Back in March, I emailed the youthful Independent columnist Johann Hari to ask him if he had any proof for unsubstantiated allegations he had made about the late Yugoslav leader Slobodan Milosevic. Here's his reply:
"Yuck. I really have no interest in engaging with you on any level. You believe the state should kill its own citizens in peacetime using the death penalty, so please don't offer me any lectures on anything, ever. "
In other words Hari believes that anyone who supports the capital punishment of murderers, as I do, is completely beyond the pale. I was amused therefore to read Hari's eulogy to the philosopher John Stuart Mill, in The Independent a couple of weeks later. In a piece entitled ‘We need John Stuart Mill today more than ever', Hari made an impassioned plea for the ideas of the Victorian sage to be put into practice once more.

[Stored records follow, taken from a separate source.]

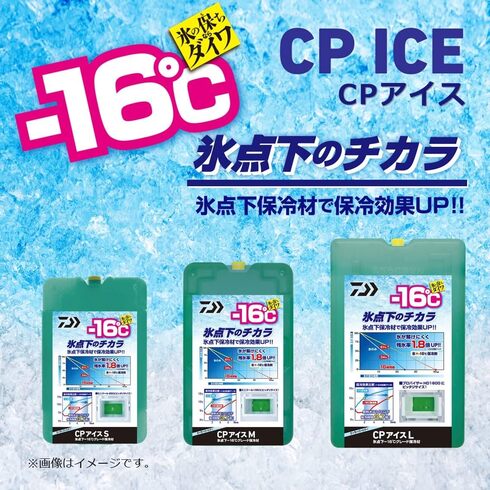 ダイワ「CPアイス 保冷剤 S」
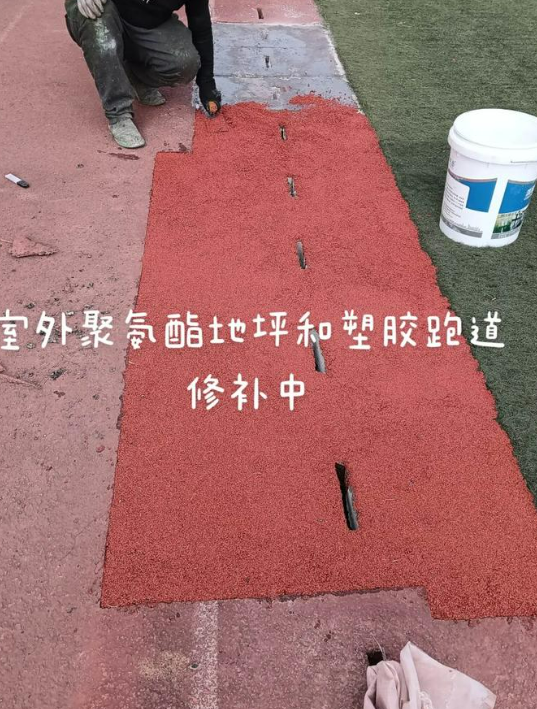 湖州球场翻新・地坪维修・球场改造 全套方案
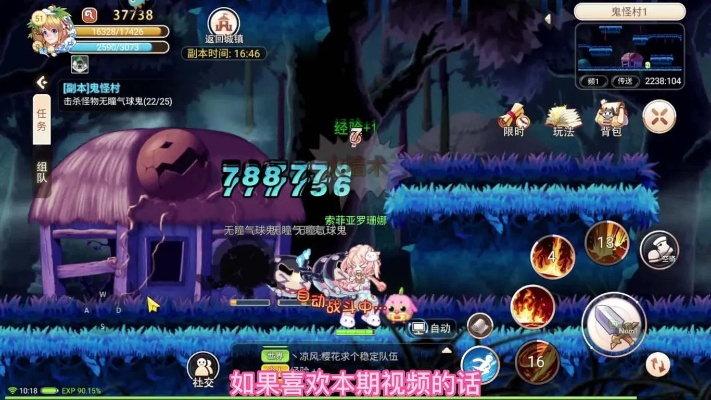 彩虹岛bug2024实测，玩家疯传的无限刷稀有/经验漏洞是真的吗？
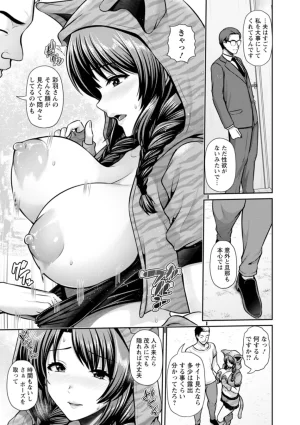 跳馬遊鹿 妻低 - Page 34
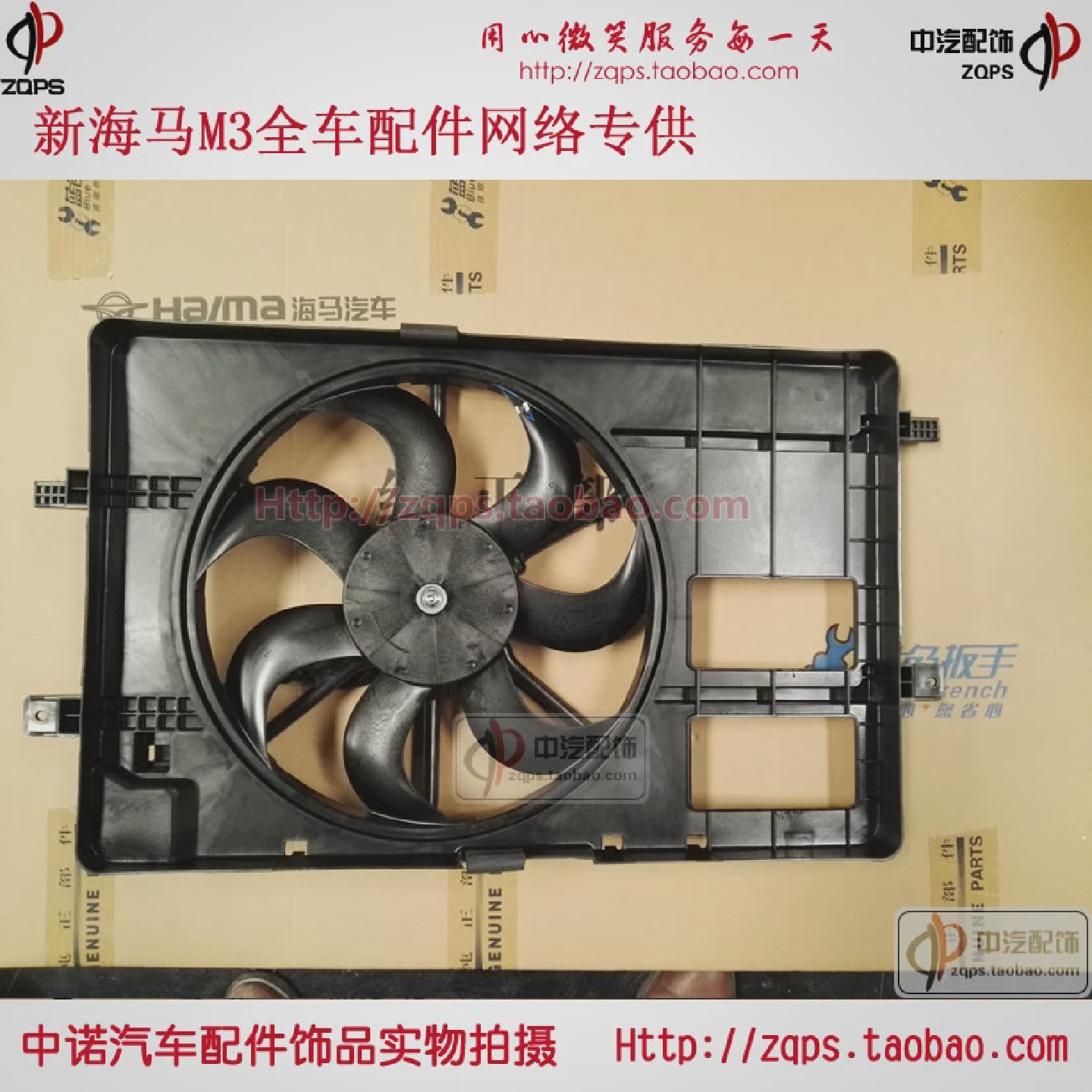 郑州海马M3风扇总成水箱/散热器/电风扇总成/风扇原汽车配件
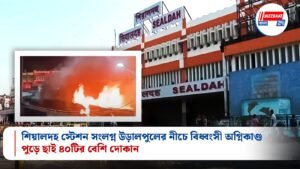 শিয়ালদহ স্টেশন সংলগ্ন উড়ালপুলের নীচে বিধ্বংসী অগ্নিকাণ্ড, পুড়ে ছাই ৪০টির বেশি দোকান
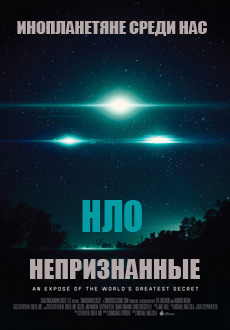 Непризнанные (2017) смотреть онлайн hd Непризнанные (2017) смотреть онлайн hd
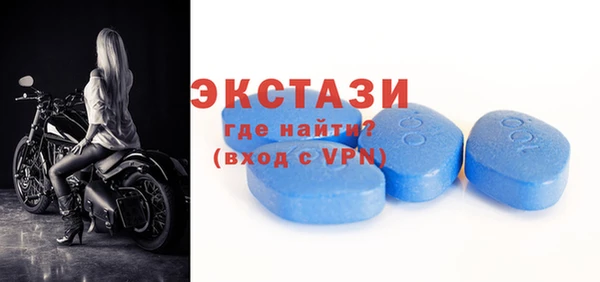дистиллят марихуана Нягань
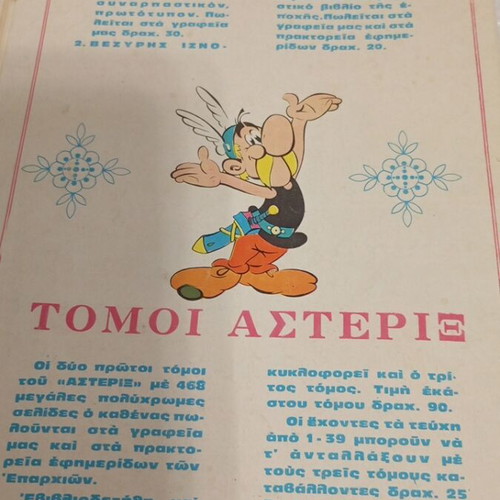 Asterix Spanou 49 comic book used, good condition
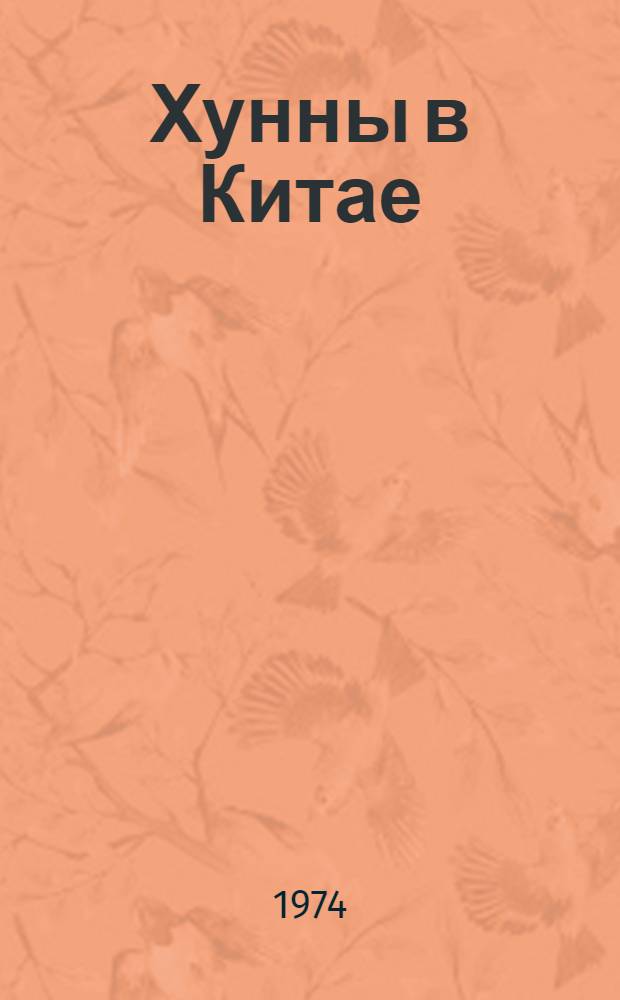 Хунны в Китае : Три века войны Китая со степными народами III-VI вв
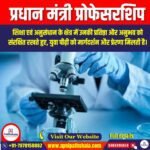 प्रधान मंत्री प्रोफेसरशिप (Prime Minister Professorships) | UPSC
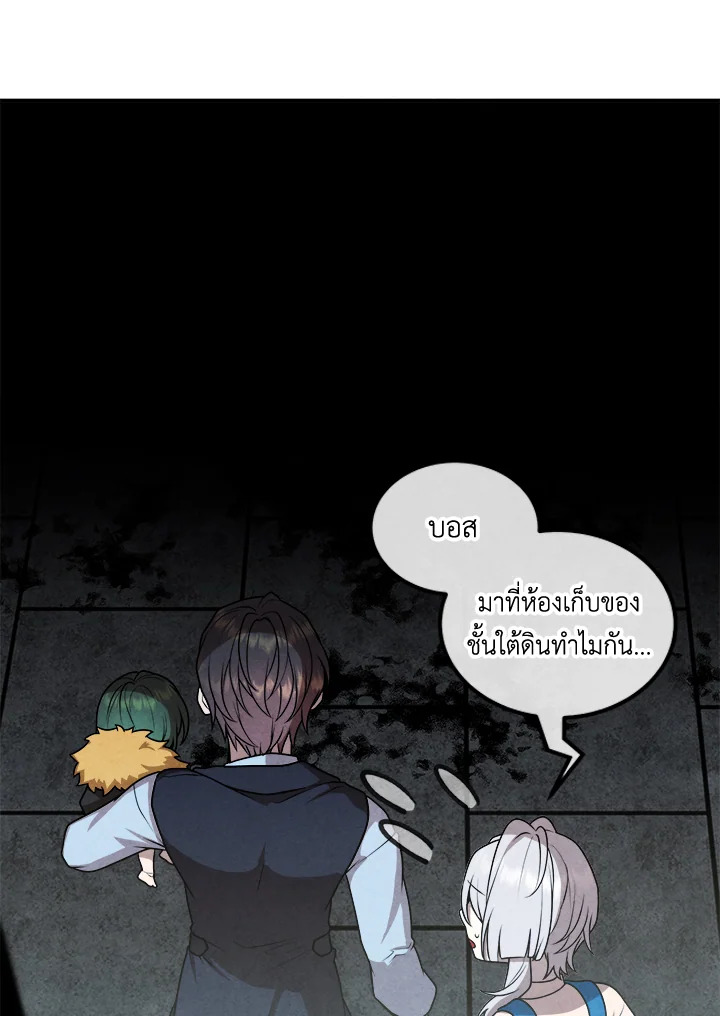 อ่านมังงะ Legendary Youngest Son of the Marquis House ตอนที่ 110/8.jpg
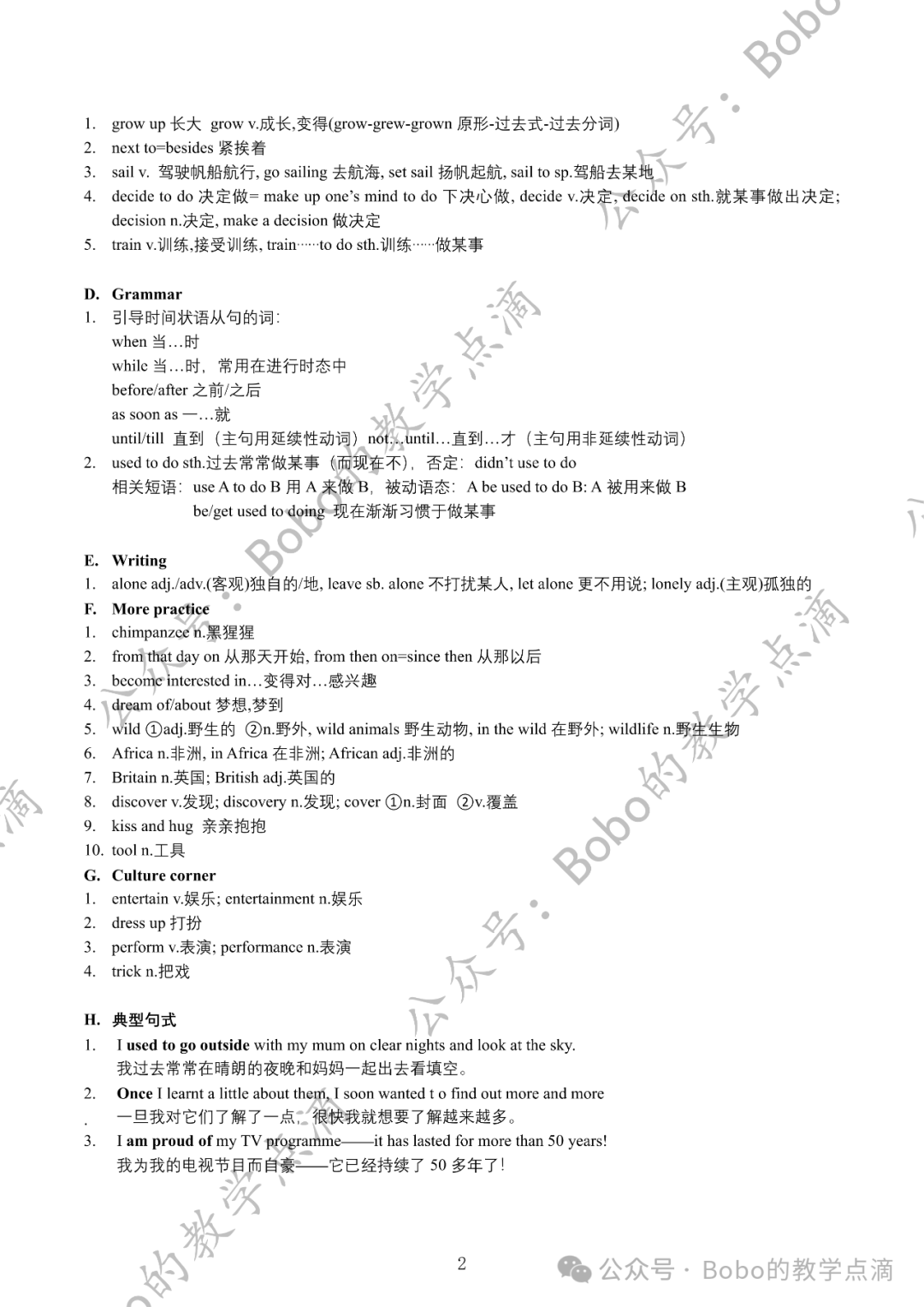 中考逆风翻盘之词汇——7BU8知识清单完整版 第4张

I wonder how much of John Stuart Mill Hari had actually read before penning his article. Here's the great man speaking in the House of Commons on the death penalty:
"When there has been brought home to any one, by conclusive evidence, the greatest crime known to the law; and when the attendant circumstances suggest no palliation of the guilt, no hope that the culprit may even yet not be unworthy to live among mankind, nothing to make it probable that the crime was an exception to his general character rather than a consequence of it, then I confess it appears to me that to deprive the criminal of the life of which he has proved himself to be unworthy--solemnly to blot him out from the fellowship of mankind and from the catalogue of the living--is the most appropriate as it is certainly the most impressive, mode in which society can attach to so great a crime the penal consequences which for the security of life it is indispensable to annex to it. I defend this penalty, when confined to atrocious cases, on the very ground on which it is commonly attacked--on that of humanity to the criminal; as beyond comparison the least cruel mode in which it is possible adequately to deter from the crime. "
From J.S.Mill’s speech to Parliament, 21st April 1868.
So come on Johann, do you still maintain that 'we need John Stuart Mill today more than ever'- or do you hold to your original position that those who do believe in capital punishment should not offer 'any lectures on anything, ever?' Which is it, old bean?